Data section start

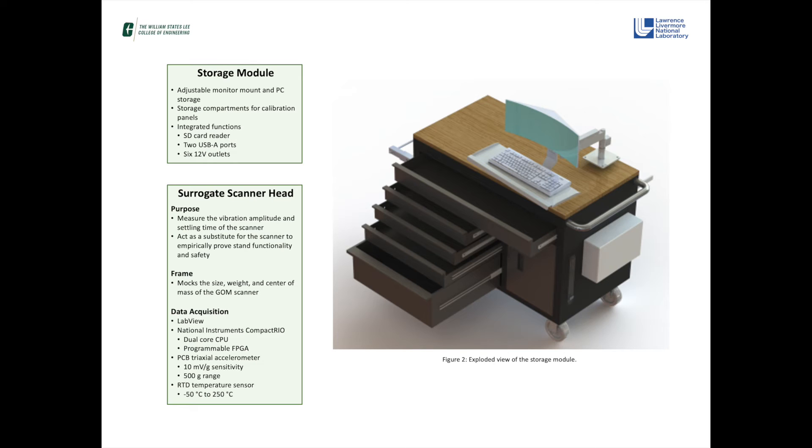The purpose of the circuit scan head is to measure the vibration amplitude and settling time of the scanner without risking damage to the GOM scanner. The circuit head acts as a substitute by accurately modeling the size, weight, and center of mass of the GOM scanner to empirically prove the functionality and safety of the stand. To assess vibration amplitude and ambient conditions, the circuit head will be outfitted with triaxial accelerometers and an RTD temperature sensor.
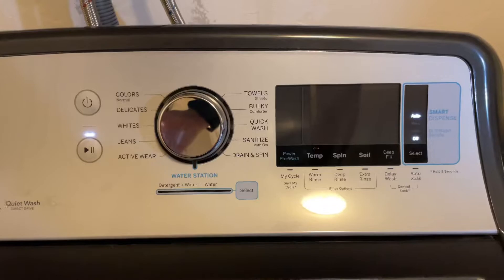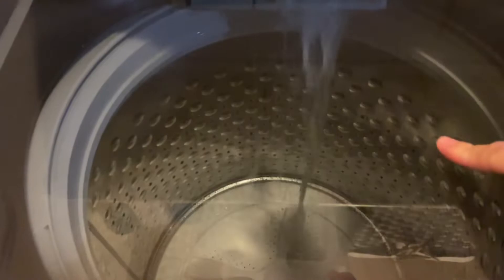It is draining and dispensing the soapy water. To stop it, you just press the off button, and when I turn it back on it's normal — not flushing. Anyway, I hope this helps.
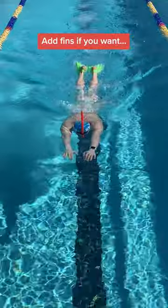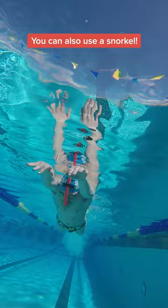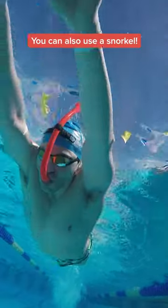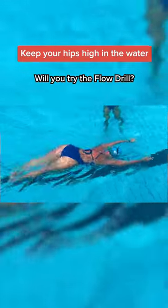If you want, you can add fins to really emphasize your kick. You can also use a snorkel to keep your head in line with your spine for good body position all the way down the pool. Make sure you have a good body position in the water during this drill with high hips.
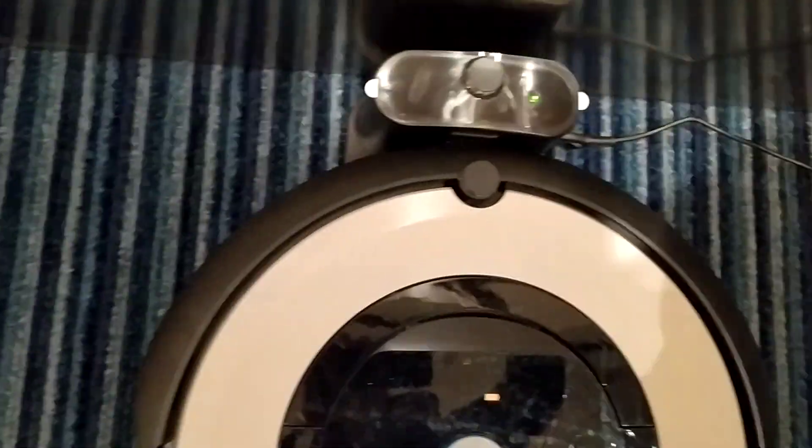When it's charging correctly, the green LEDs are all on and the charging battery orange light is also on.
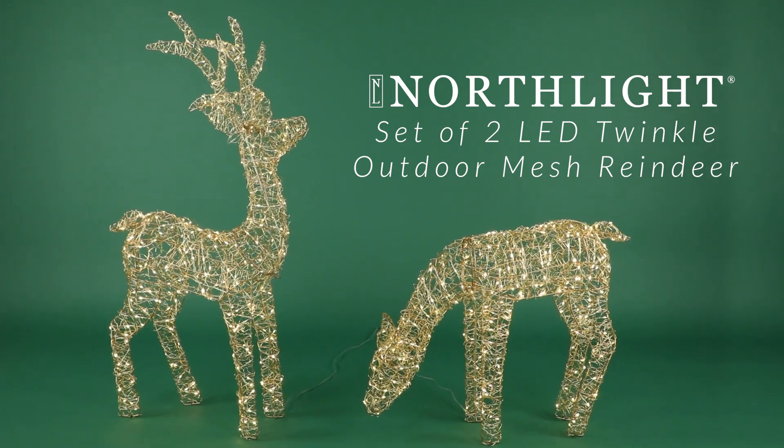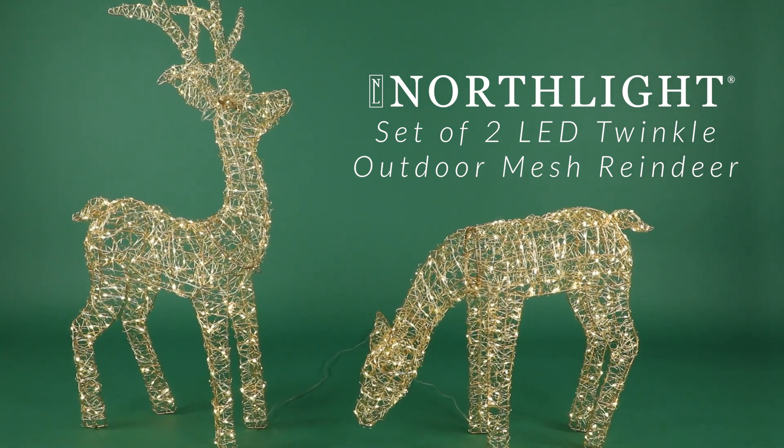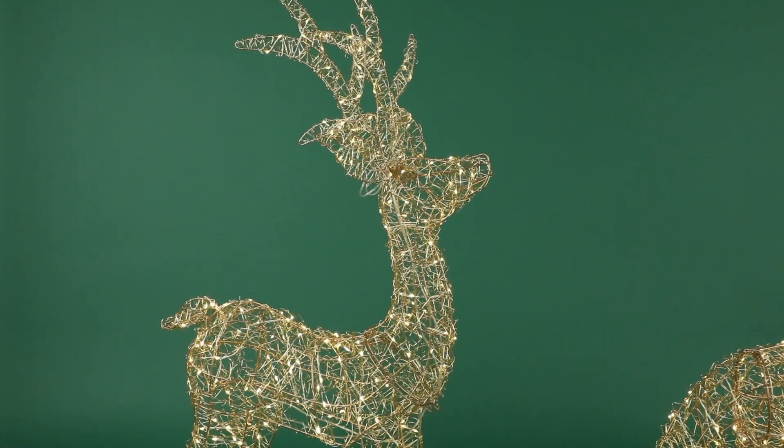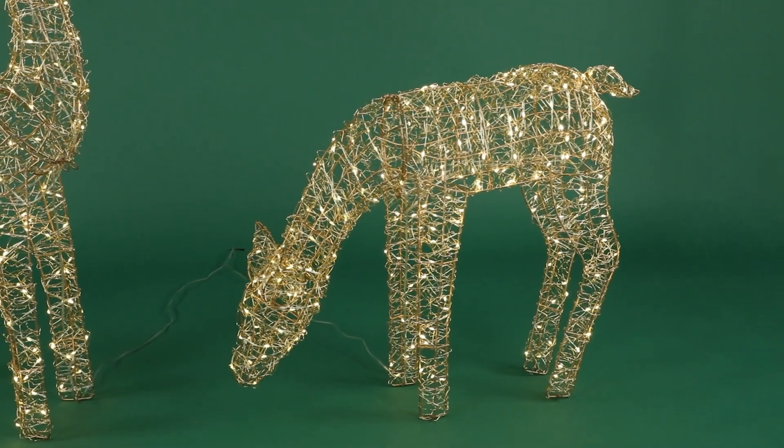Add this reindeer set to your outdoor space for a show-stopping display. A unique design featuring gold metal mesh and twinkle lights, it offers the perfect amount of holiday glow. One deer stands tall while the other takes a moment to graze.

Data section end
Data section start

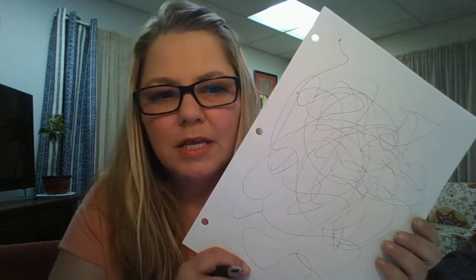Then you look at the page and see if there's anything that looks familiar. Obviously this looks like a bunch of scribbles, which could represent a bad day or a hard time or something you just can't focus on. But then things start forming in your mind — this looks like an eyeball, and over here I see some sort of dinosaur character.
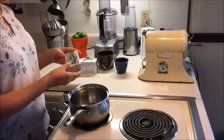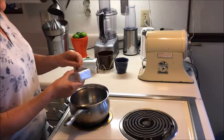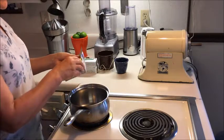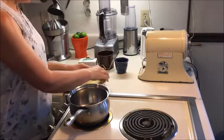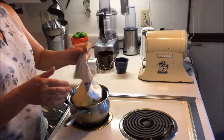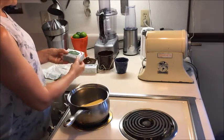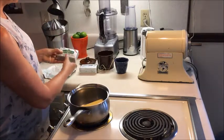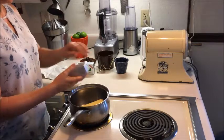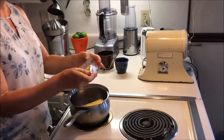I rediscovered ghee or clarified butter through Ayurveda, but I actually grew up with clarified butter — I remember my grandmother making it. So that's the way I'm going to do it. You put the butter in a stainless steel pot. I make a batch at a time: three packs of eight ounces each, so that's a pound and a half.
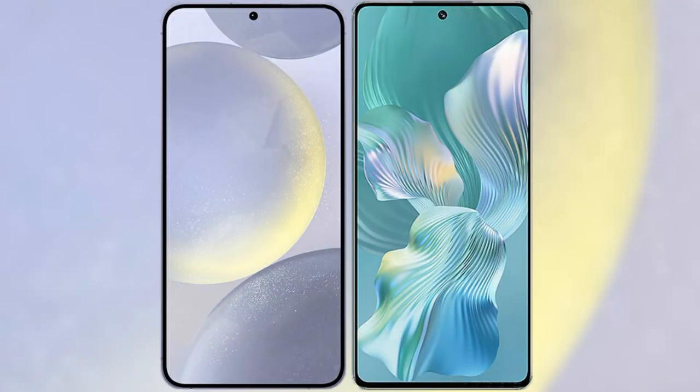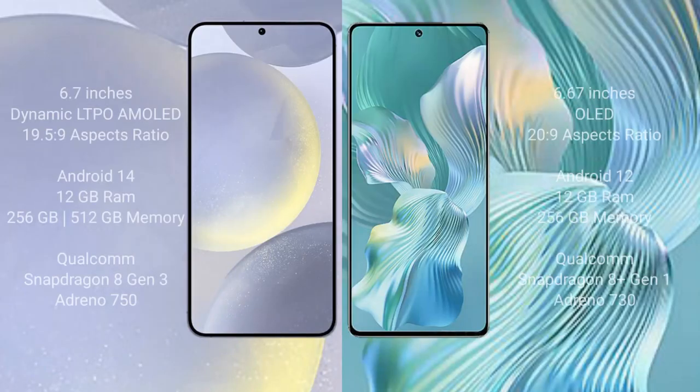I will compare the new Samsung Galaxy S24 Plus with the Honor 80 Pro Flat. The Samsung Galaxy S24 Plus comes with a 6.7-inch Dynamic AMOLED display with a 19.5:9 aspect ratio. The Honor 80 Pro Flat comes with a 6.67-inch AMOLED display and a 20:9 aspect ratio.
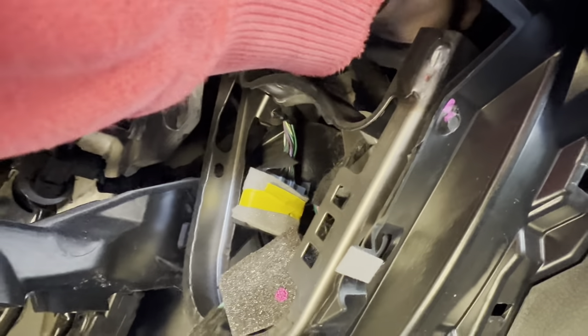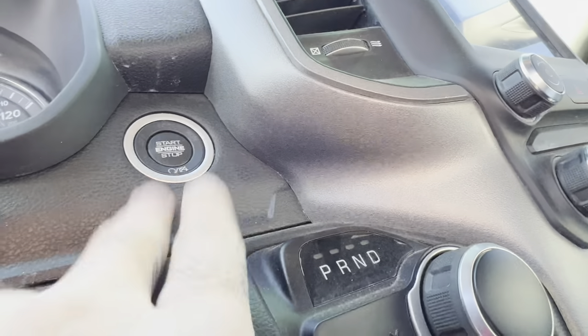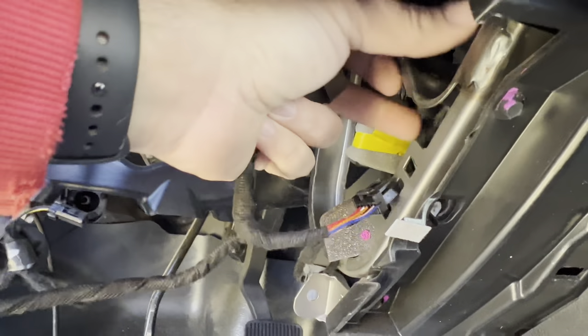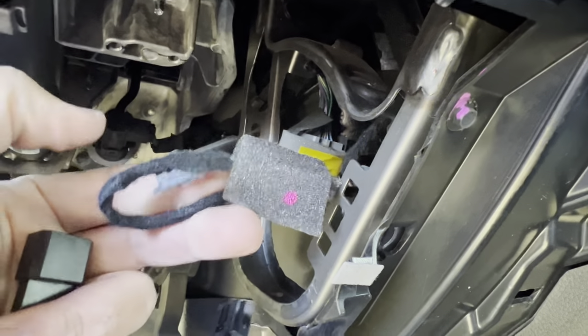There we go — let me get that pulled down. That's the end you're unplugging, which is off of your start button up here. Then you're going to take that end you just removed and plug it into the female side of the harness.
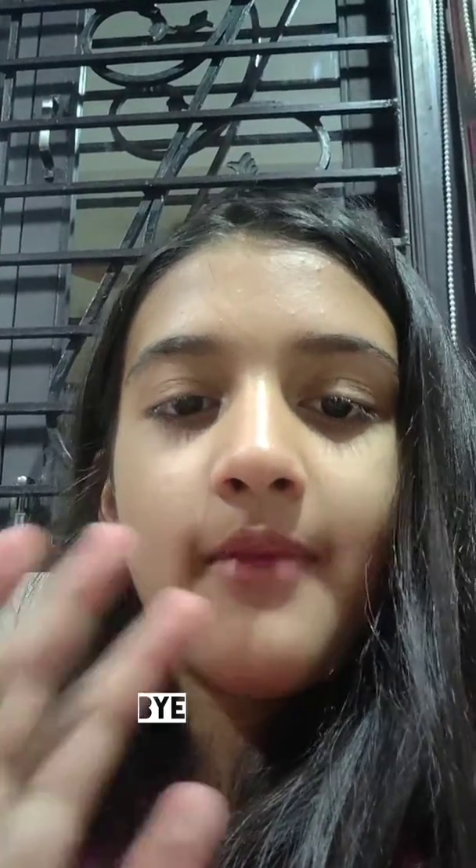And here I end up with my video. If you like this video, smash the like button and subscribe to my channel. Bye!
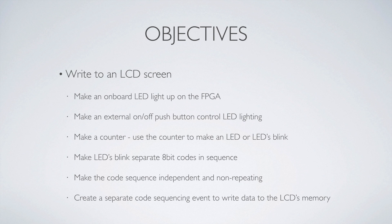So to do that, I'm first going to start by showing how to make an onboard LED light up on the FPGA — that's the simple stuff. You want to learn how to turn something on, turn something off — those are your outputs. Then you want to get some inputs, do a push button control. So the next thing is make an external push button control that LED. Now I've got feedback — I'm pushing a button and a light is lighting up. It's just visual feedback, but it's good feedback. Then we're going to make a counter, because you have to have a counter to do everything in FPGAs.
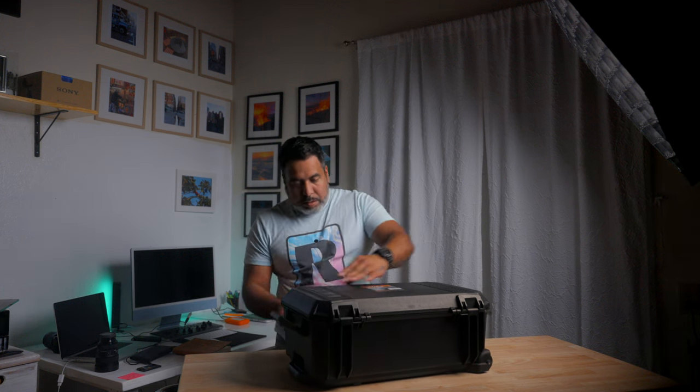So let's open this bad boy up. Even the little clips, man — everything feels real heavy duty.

Data section end

From the records above, output only the lines starting at the one containing "So to do that, I'm" and ending at the one containing "So let's open", word for word. Pictures stay out.

» Solution:
So to do that, I'm first going to start by showing how to make an onboard LED light up on the FPGA — that's the simple stuff. You want to learn how to turn something on, turn something off — those are your outputs. Then you want to get some inputs, do a push button control. So the next thing is make an external push button control that LED. Now I've got feedback — I'm pushing a button and a light is lighting up. It's just visual feedback, but it's good feedback. Then we're going to make a counter, because you have to have a counter to do everything in FPGAs.
So let's open this bad boy up. Even the little clips, man — everything feels real heavy duty.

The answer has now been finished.